How to Make Easy Quarter-Square Triangle Units

Quarter-Square Triangle Units in a Quilt

Nikolaeva Elena / Getty Images

Project Overview
  • Total Time: 2 hrs
  • Skill Level: Intermediate

Quarter square triangle units are square patchwork units that are made up of four equally-sized 90-degree triangles. The fabric's sturdy straight grain runs parallel to the longest side of each triangle, where it helps keep the outer edges of units from stretching as you work on a quilt.

Quarter square triangle units are used in the outer midpoints of each Ohio Star quilt block illustrated here. The traditional Card Trick quilt block is another popular quilt block that's made in part from quarter-square triangle units. The units can be assembled by sewing triangles together individually but quick piecing methods are easier, and usually more accurate.

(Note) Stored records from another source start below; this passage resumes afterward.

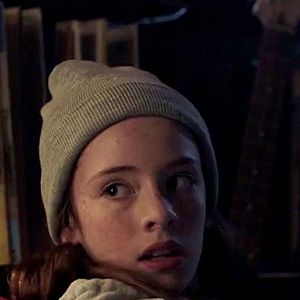 Photo Beatrice Kitsos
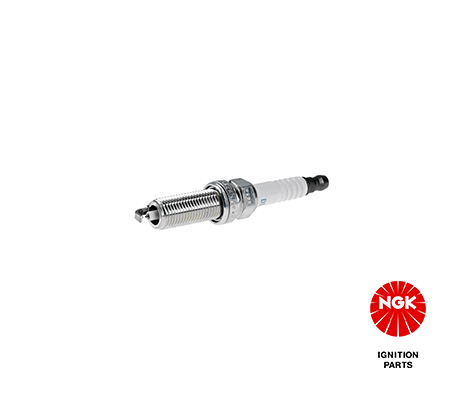 Vela de ignição NGK 95003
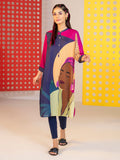 Lime Light E1276SH SSH PRP Eid Lawn Vol II 2022
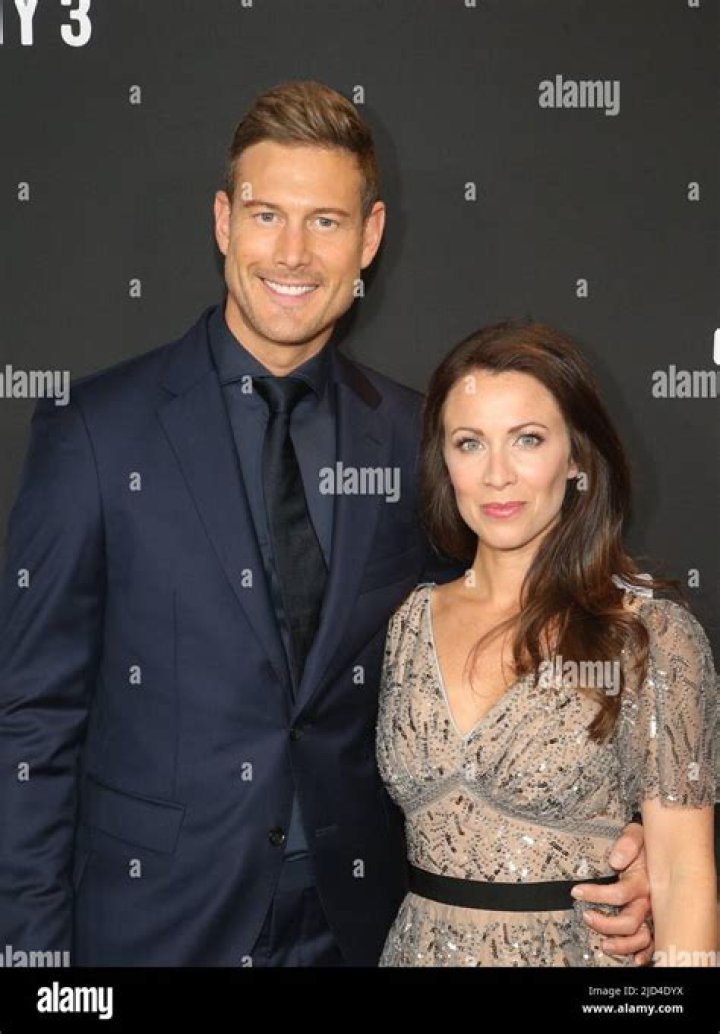 A Pioneer In Computing And Inclusivity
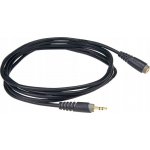 Klotz AS-EX10300 – Hledejceny.cz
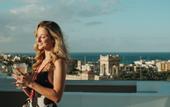 Туры в отель Hyatt Centric Malta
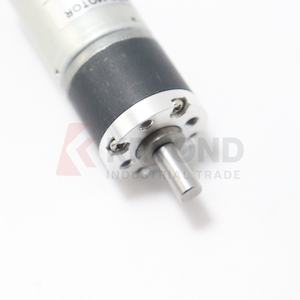 1PC Moteur de clé à encre TE-22FH-24-200 pour machine d'impression offset Pièce de rechange durable - Product Image 3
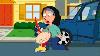 Family Guy Season 9 Ep 12 Full Episode Family Guy 2022 Full Uncuts 1080p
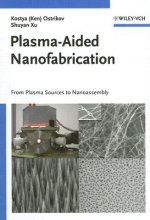 Plasma-aided Nanofabrication - From Plasma Sources  to Nanoassembly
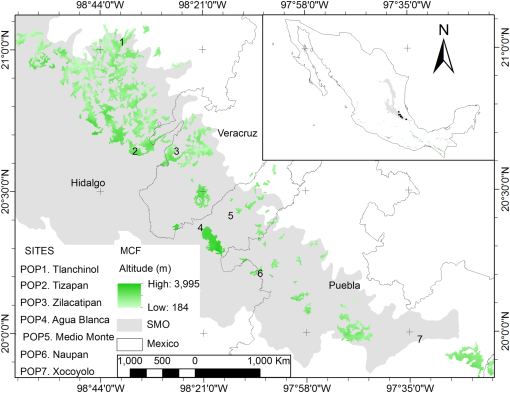 10.1177_19400829221128539-fig1.tif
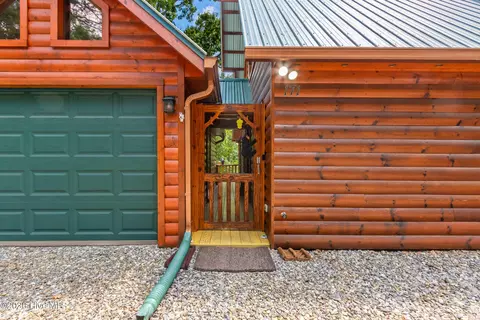 Other - 171 Laurel Oak Ln, Murphy, NC 28906 photo 3 of 16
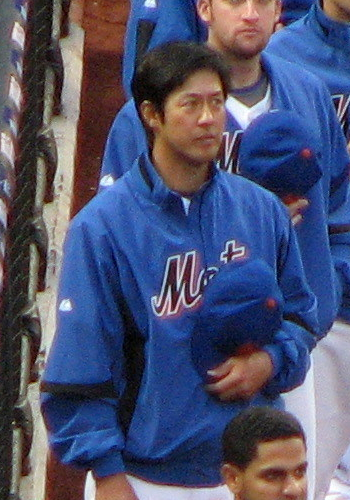 高橋建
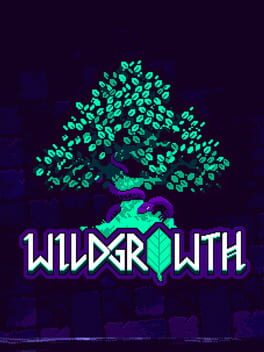 Wild Growth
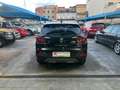 Renault Kadjar 1.2 TCe Energy Zen EDC 97kW Zwart - thumbnail 8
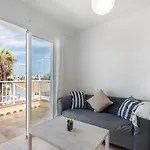 Apartment Bonito Costa Silencio *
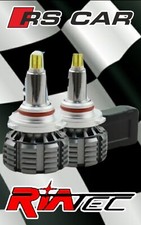 HIR2 LED KIT 2 PCS RIATEC
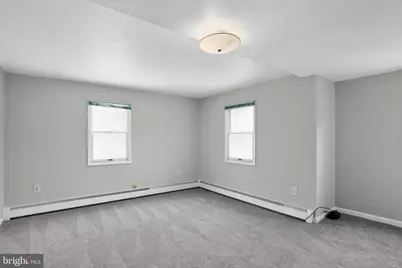 998 Upper Gulph Road, Wayne, PA 19087 - Photo 23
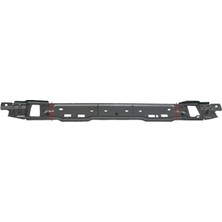 Oto101 Peugeot 308/C4 Pıcasso Ön Panel Üst Taşıyıcı 13-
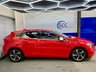 USED 2014 63 VOLVO V40 1.6 D2 R-Design Lux Hatchback 5dr Diesel Manual Euro 5 (s/s) (115 ps) DAB,Cruise,HeatedLeather,&pound;0Tax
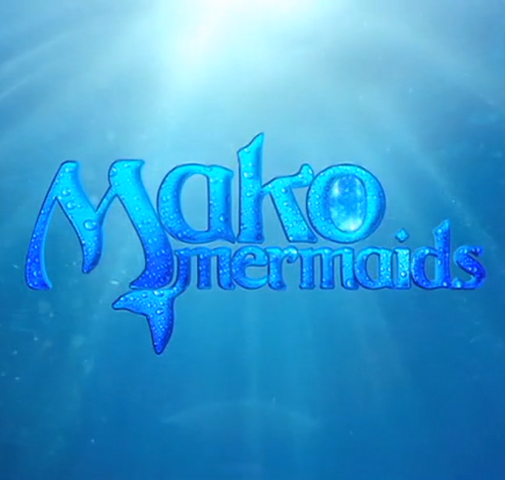 File:Mako Mermaids.png
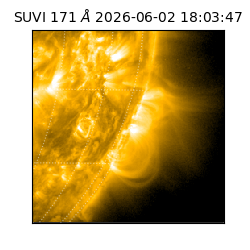 suvi - 2026-06-02T18:03:47.777000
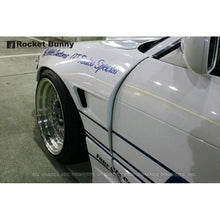 Load image into Gallery viewer, GReddy 89-93 Nissan Silvia 2Dr Full Rocket Bunny (PS13) F,S,R Aero Kit V1 **Must Ask/Call to Order**
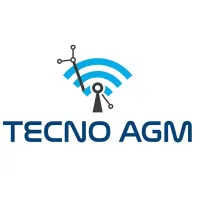 Tecnología AGM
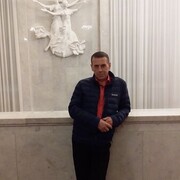 ���������� ������-��-����, ���� ������� ������, 48 ���, ������������ ��� ������, ����� � ���������, c�������� ���������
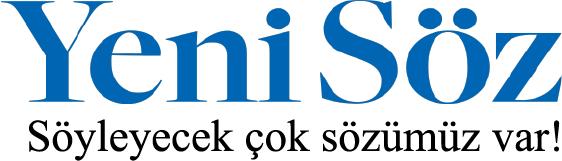 Hangi gazeteyi okuyorsunuz ve hangi gazeteyi beğeniyorsunuz sevmediğiniz yönleri nelerdir?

Learn how to make easy quick pieced quarter-square triangle units without cutting and sewing individual triangles. In this tutorial, you will be using half-square triangle units as parents for the quarter-square triangle patchwork units.


Before trying this technique you should be familiar with making half square triangle units.

What You'll Need

Equipment / Tools

  • Marking pen or pencil
  • Quilting rulers
  • Rotary cutter and mat
  • Sewing machine, set up to stitch
  • Iron and ironing board


  • Cotton fabric scraps for practicing


  1. Sizing

    Choose a finished size for your quarter-square triangle units or refer to the quilt pattern for the unit dimensions.

    • Finished block size + 1-1/4 inches.

    Cut two (contrasting) squares to match the calculated size. For your practice quarter square triangles, let's make 3 x 3 inch units.

    • 3 inches + 1-1/4 inches = 4-1/4 inches.

    Your contrasting squares should be cut to 4-1/4-by-4-1/4 inches.

  2. Make and Mark HSTs

    Use the quick pieced half-square triangle unit method to create two half-square triangle units.

    • Turn one half-square triangle unit to its wrong side. Using the marking pen and ruler, draw a diagonal line corner to corner, crossing the seam.
    • Placing right sides together, line up the two units with contrasting triangles facing each other (same fabrics aren't stacked on top of each other!), edges matching all around. The seams should nest.

    Secure the squares together with pins so the fabrics don't shift.

    Illustrated design of how to cut quarter-square triangle units.
    Janet Wickell
  3. Sew and Cut

    Sew a 1/4 inch seam on each side of the drawn diagonal line. If you don't have a quarter-inch presser foot, mark the lines before sewing. This is the same method used to create the parent units.

    Using the rotary cutter and mat, cut the squares apart on the diagonal line, press units open and trim away triangular nubs at the ends of the seam allowances.

    You'll have two quarter square triangle units that are 1/2 inch wider and taller than the finished size.


    You can use any method to construct the parent half-square triangle units. Try the Magic 8 technique if you're sewing lots of identical triangles and creating the Hunter's Star. Alter cutting sizes if other methods are used.

    Nine Ohio Star quilt blocks in orange and maroon.
    Forum Members

Quarter-Square Triangle Unit Variations

Change the appearance of quarter-square triangle units by constructing them with varying combinations of parent squares. 

  • When quarter-square triangle units are made from identical half-square triangle parents, the resulting patchwork squares are identical and symmetrical.
  • Substitute a plain square for one of the parents to make units with two quarter-square patches in one-half of the square and a single triangle in the other half. The units are mirror images of each other.
  • Use two different half-square triangle parents to make the quarter-square triangle units. The units are mirror images of each other, but that doesn't usually matter if you're making a scrap quilt.

As you consider the patchwork you need, weigh the advantages of quick piecing versus sewing individual triangles. For example, if you were making small quarter-square triangle units, you might opt for the quick-pieced method simply because it eliminates the need to handle tiny triangles.

If some units don't fit your project, throw extra units into a patchwork bin and use them later in another project.

If you decide to assemble quarter-square units from individual triangles, remember that the fabric's straight grain should be parallel to each triangle's longest edge.

Illustrated design of how to configure triangles.